• **TASK DETAILS**: Give back all of the data exactly, with every picture omitted.

= Beginning of Section =

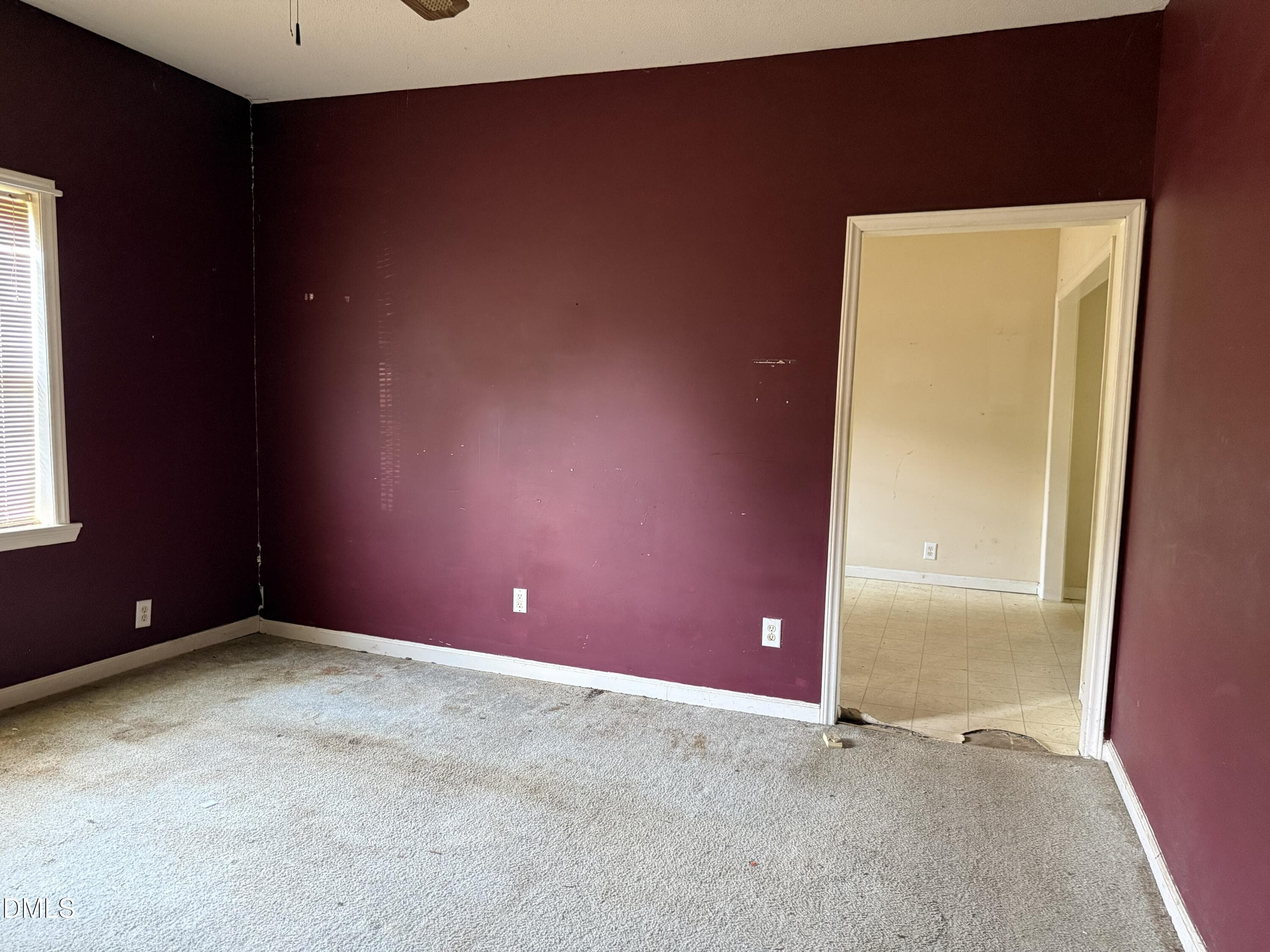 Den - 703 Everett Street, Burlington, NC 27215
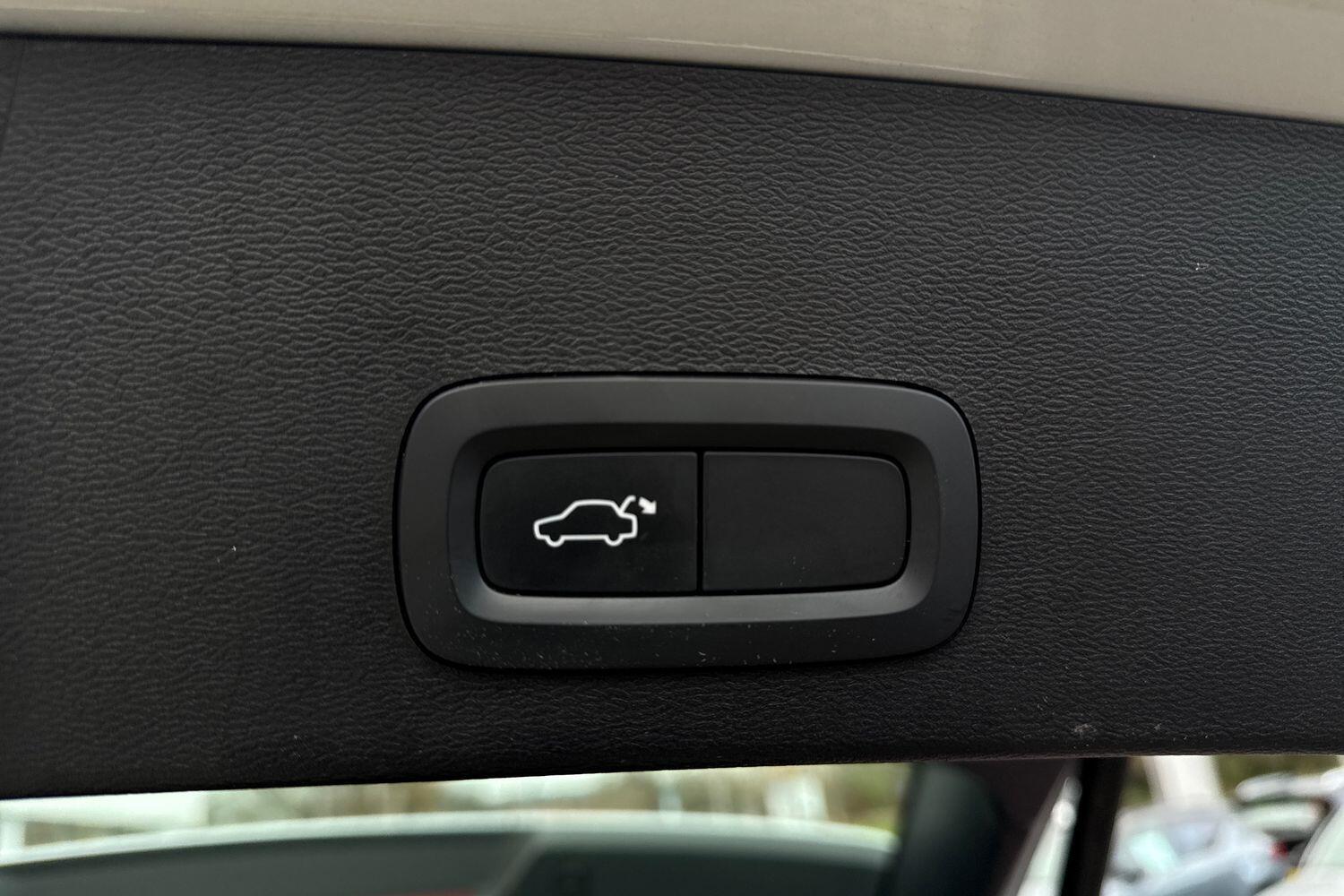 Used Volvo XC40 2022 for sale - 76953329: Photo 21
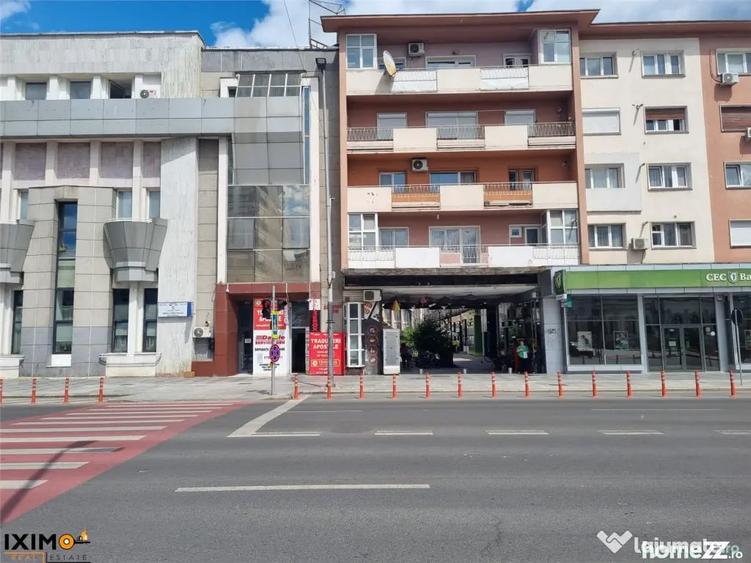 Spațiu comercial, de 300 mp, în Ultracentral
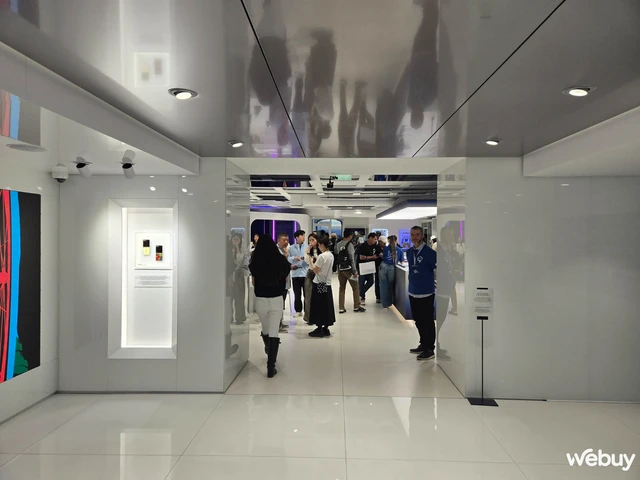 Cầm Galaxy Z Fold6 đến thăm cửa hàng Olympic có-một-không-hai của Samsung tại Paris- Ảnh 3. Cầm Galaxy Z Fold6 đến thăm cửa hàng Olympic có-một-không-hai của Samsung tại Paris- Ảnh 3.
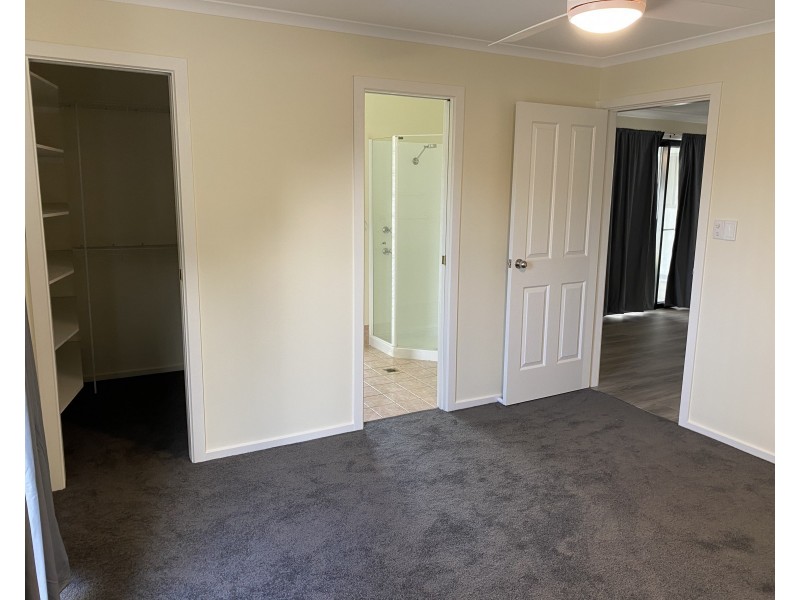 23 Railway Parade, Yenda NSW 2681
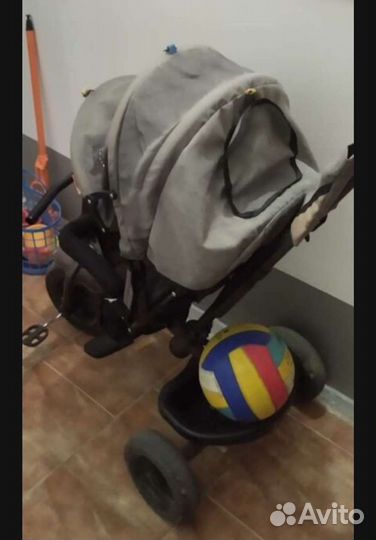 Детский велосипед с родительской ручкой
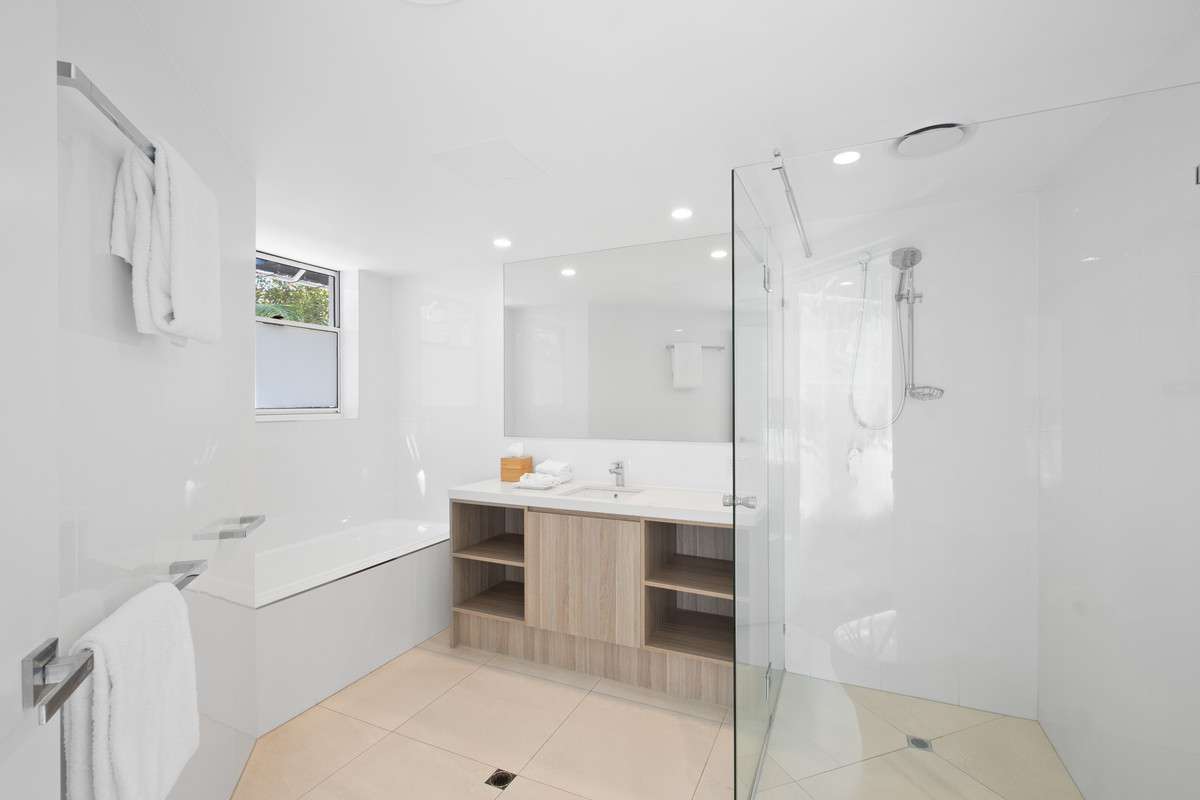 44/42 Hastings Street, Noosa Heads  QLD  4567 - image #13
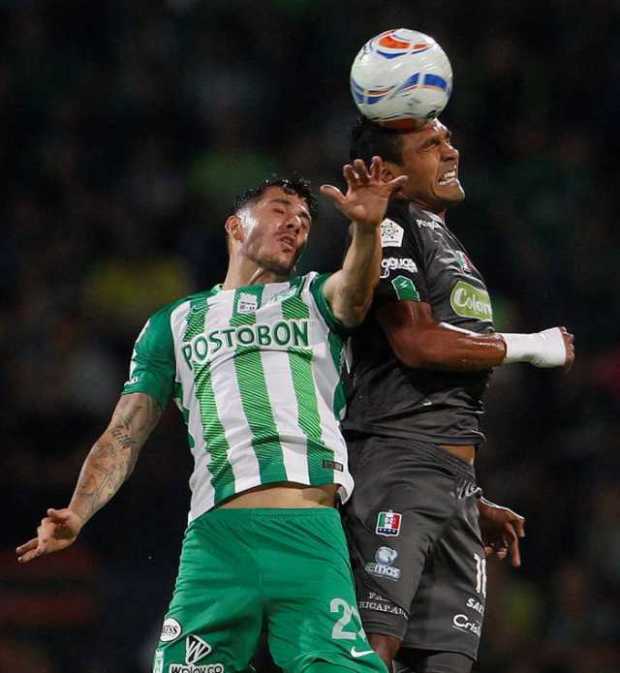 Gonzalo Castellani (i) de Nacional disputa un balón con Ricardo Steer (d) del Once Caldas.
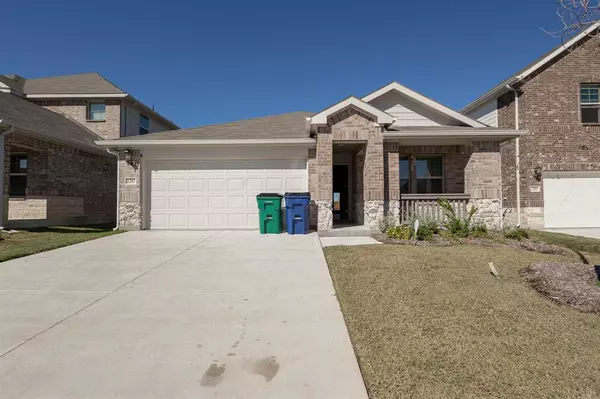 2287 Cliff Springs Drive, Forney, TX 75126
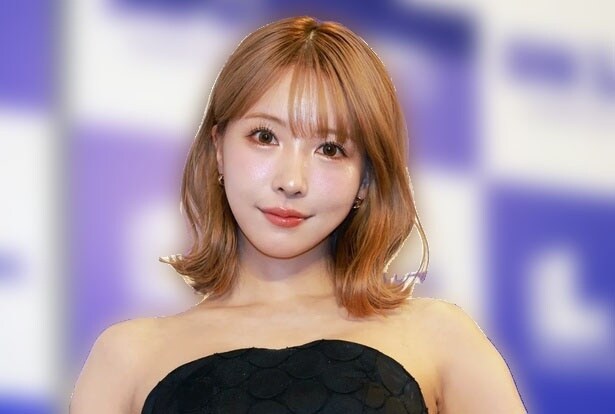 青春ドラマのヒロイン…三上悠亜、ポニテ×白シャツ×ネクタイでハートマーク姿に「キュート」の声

= End of Section =

• **ANSWER**:
 Den - 703 Everett Street, Burlington, NC 27215
 Used Volvo XC40 2022 for sale - 76953329: Photo 21
 Spațiu comercial, de 300 mp, în Ultracentral
 Cầm Galaxy Z Fold6 đến thăm cửa hàng Olympic có-một-không-hai của Samsung tại Paris- Ảnh 3. Cầm Galaxy Z Fold6 đến thăm cửa hàng Olympic có-một-không-hai của Samsung tại Paris- Ảnh 3.
 23 Railway Parade, Yenda NSW 2681
 Детский велосипед с родительской ручкой
 44/42 Hastings Street, Noosa Heads  QLD  4567 - image #13
 Gonzalo Castellani (i) de Nacional disputa un balón con Ricardo Steer (d) del Once Caldas.
 2287 Cliff Springs Drive, Forney, TX 75126
 青春ドラマのヒロイン…三上悠亜、ポニテ×白シャツ×ネクタイでハートマーク姿に「キュート」の声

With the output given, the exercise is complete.